Published online by Cambridge University Press: 10 January 2024
EP17 is set in the western Pacific's Mariana Islands—Guam in particular. There's plenty of “ugly music” combat action, and much of the soundtrack is given to Bennett's concert marches and a nearly full-length version of Rodgers's “Guadalcanal March.” What's most distinctive are the delicate passages written for the Chamorro, Guam's native people. Woodwinds, harp, and gentle percussion are prominent, and the alto flute makes its sole Victory appearance.
EP17 opens during Guam's tranquil prewar years. Unlike the rest of the Mariana Islands held by Japan as WWII began, Guam had been a US territory since the Spanish-American War, though remaining lightly defended even as Japan moved in the 1930s to expand its sphere of influence and then joined the Axis powers in 1940. Bennett's distinctive music for this South Seas locale [A] at 1:01 opens EP17 and later returns twice more. His next gentle “Guam” melody at 1:29 [B] is stylistically similar, though like so many of his Victory melodies is a one-time passage. (For more about the musical material of [A] and [B], see the Musical Postlude below.)
EP17 viewers learn at 2:00 that, months before the war's outbreak, “Naval authorities on Guam plead in vain with Congress to fortify the strategic island while time remains.” This a reminder of what NBC's archived Victory documents demonstrate: Salomon's desire to weigh unbiased and unflinching coverage of WWII against prospects of advancing controversial viewpoints or unduly embarrassing any country's government agencies.

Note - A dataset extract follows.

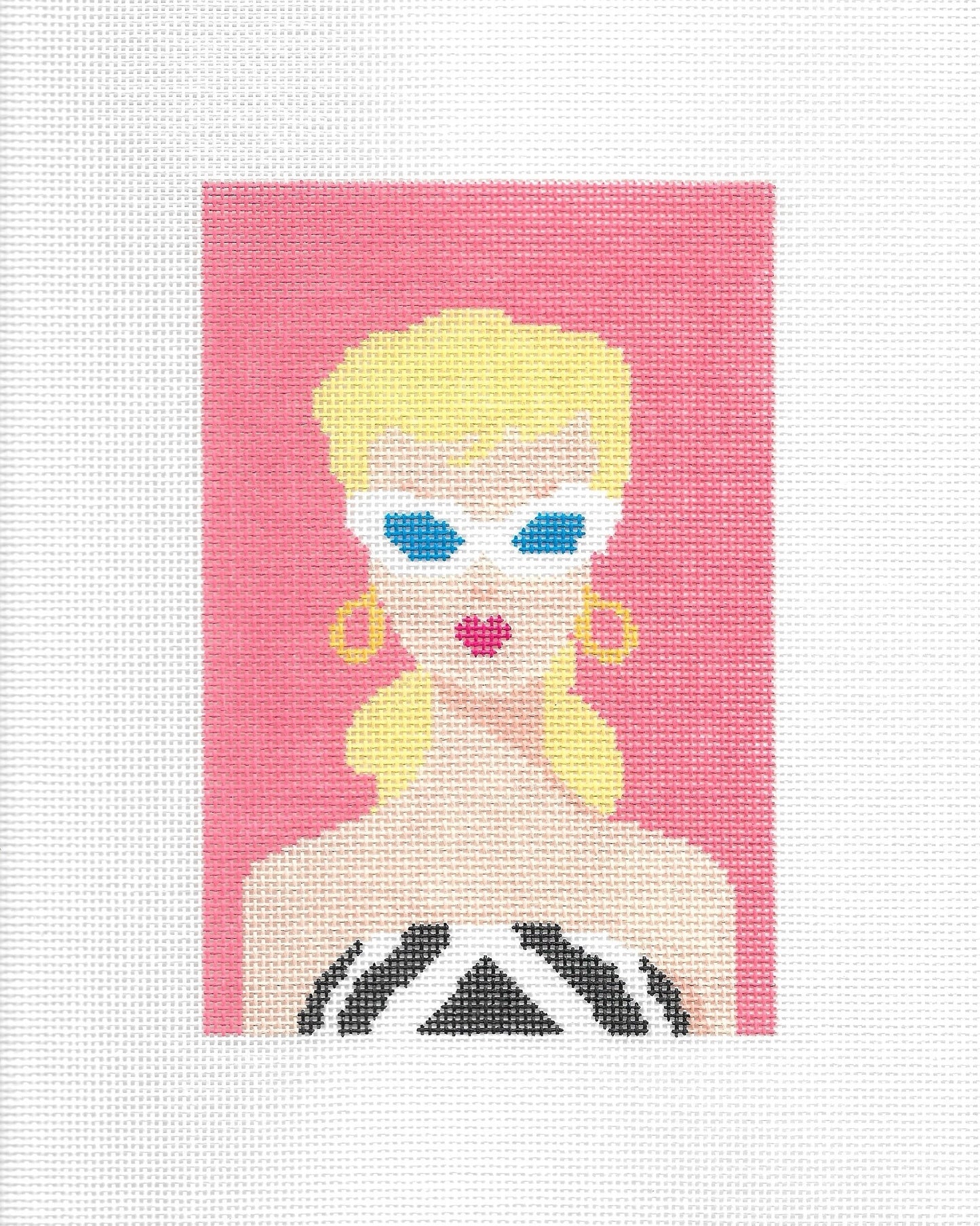 Retro Blonde Large Needlepoint Canvas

Indeed, Congress had turned down $5 million in appropriations for Guam's Apra Harbor in April 1939 as part of a $66.8 million Naval Air Base Bill for construction and aircraft, mostly in Pacific locales.
EP17's only moment of on-screen music-making comes at 2:16, as we see the drum and bugle corps of Guam's home-guard militia and then a subset of the small Marine population stationed there. Bennett's NBC trumpets play a unison fanfare in G major [C], fully performable on the US military's standard-issue G bugles.
With an appearance of J-3 at 2:29, the viewpoint is that of Japan, a country aware that Guam, “the American pillbox without guns in the Marianas,” is ripe for conquest anytime. The music continues with J-6 at 2:46 and then again at 3:04, with J-3 added underneath.